The third stage was characterized by fast shrinkage, which derived from the liquid formation as the temperature approached the softening temperature. At this stage, the liquid sintering became the dominant process. CaF₂ acted as flux agent to form low-temperature eutectics. An increasing amount of melt would be transferred from the particle surface or bulk into the neck area via surface or volume diffusion and result in enhanced sintering kinetics. In addition, the deformation and rearrangement of the particles favored flattening the sample surfaces. Along with the sintering, as confirmed in XRD analysis, the precipitation amount of wollastonite in equilibrium with the melt decreased. For samples containing lower CaF₂, most of the sintering necks disappeared, resulting in a flat glass-ceramic appearance while maintaining considerable crystallinity (F1-1120 °C, F2-1180 °C). F3 and F4 samples, owing to the lower flowing temperature, had a low crystallinity and exhibited over-burnt surface.

It is well known that to obtain well-densified glass-ceramics, crystallization has to be suppressed until most of the shrinkage has occurred. Our work demonstrated a compromised balance between sintering and crystallization could be reached, in order to yield dense glass-ceramics. In this regard, two potential routes were proposed by implementing two stages of heat treatment at the expense of the crystallinity. During that, the sequence of sintering and crystallization can be properly adjusted: (1) The precipitation of crystalline phases took place first, then was followed by liquid sintering at high temperature, or (2) conducting liquid sintering to ensure a flat surface, then subjected to low temperature crystallization.

4. Conclusions

To produce well-densified, wollastonite-based glass-ceramics with smooth appearance, it was suggested the content of fluoride should be limited in 2 wt.%. The influences of CaF₂ on the sintering and crystallization behavior can be drawn as follows:

(1)

As the amount of CaF₂ increased, both the onset crystallization temperature T_x and temperature of maximum shrinkage T_ms for glass-ceramics decreased. The depolymerization effect of fluoride led to the enhancement in crystallization. The accompanying grain boundary creation and coarsening reduced the shrinkage rate and resulted in uneven appearance.

(2)

At high temperature, the dominant liquid sintering brought severe shrinkage and a smooth appearance for the product.
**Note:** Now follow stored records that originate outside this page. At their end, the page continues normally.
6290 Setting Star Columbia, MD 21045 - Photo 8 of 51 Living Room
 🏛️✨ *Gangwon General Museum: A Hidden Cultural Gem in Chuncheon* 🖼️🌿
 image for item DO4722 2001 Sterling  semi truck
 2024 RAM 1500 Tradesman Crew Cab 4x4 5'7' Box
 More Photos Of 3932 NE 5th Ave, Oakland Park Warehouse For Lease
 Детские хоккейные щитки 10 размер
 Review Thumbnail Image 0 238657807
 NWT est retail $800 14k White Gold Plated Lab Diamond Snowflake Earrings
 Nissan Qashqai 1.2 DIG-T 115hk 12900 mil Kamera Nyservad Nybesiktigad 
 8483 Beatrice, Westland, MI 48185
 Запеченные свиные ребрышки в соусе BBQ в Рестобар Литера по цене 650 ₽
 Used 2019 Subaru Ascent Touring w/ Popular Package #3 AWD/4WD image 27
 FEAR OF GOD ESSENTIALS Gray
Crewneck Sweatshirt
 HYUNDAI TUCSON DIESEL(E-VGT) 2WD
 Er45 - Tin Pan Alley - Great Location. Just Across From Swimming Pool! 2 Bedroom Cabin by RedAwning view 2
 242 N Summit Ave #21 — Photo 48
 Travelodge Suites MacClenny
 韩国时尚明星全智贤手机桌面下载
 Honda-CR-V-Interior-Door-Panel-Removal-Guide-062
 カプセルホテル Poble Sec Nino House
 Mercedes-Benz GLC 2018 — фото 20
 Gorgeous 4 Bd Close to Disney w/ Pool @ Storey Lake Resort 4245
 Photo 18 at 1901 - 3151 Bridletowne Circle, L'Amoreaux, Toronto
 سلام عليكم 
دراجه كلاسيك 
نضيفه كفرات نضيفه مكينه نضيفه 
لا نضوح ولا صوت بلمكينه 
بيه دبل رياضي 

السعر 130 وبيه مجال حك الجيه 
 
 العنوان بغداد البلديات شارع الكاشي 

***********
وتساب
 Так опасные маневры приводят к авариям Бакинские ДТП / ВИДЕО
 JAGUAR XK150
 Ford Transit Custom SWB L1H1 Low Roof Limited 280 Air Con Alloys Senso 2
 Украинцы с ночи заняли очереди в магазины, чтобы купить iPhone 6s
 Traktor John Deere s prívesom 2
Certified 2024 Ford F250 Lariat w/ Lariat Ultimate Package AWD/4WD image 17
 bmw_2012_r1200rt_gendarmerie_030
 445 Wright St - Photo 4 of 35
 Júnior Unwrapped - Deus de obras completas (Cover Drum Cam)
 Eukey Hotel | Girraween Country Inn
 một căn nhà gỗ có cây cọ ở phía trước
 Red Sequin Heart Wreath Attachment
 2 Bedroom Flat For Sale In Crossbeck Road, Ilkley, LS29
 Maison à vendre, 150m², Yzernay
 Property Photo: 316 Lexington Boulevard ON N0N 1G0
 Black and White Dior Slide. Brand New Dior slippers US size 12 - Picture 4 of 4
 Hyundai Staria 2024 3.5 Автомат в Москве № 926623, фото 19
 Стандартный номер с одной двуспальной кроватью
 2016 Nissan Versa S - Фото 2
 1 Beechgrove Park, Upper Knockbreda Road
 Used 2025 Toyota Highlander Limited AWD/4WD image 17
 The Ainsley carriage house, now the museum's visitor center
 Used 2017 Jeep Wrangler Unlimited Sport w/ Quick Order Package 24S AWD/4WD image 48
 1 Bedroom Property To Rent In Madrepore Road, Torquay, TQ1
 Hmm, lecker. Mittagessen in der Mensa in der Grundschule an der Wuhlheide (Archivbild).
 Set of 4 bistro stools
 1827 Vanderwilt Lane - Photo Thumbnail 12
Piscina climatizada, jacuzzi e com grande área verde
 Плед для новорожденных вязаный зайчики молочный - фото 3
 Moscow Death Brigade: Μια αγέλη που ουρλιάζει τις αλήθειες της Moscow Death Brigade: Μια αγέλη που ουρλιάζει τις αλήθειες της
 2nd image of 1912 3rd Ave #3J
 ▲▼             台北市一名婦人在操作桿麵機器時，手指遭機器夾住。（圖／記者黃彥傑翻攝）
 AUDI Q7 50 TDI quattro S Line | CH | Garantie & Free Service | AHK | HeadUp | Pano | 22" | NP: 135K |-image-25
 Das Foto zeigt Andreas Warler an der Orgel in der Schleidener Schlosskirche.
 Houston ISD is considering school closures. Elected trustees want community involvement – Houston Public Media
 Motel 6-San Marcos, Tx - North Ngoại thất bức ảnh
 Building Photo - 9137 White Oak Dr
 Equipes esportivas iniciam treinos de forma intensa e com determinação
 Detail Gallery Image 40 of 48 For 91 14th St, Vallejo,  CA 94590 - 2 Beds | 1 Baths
Accordingly, the precipitation amount of wollastonite decreased with the increment of CaF₂, due to its characteristic fluxing effect. The dense sintering temperature range (ΔT₂ = T_hb − T_d) was inversely related to the fluoride content, implying that high CaF₂ addition was detrimental to final properties of product.

In this regard, the evaluations of sintering and crystallization kinetics will be implemented with mathematical models in future work. More microstructural information, such as grain coarsening and pore development, will be of great use for a better understanding of the concurrent sintering-crystallization behavior.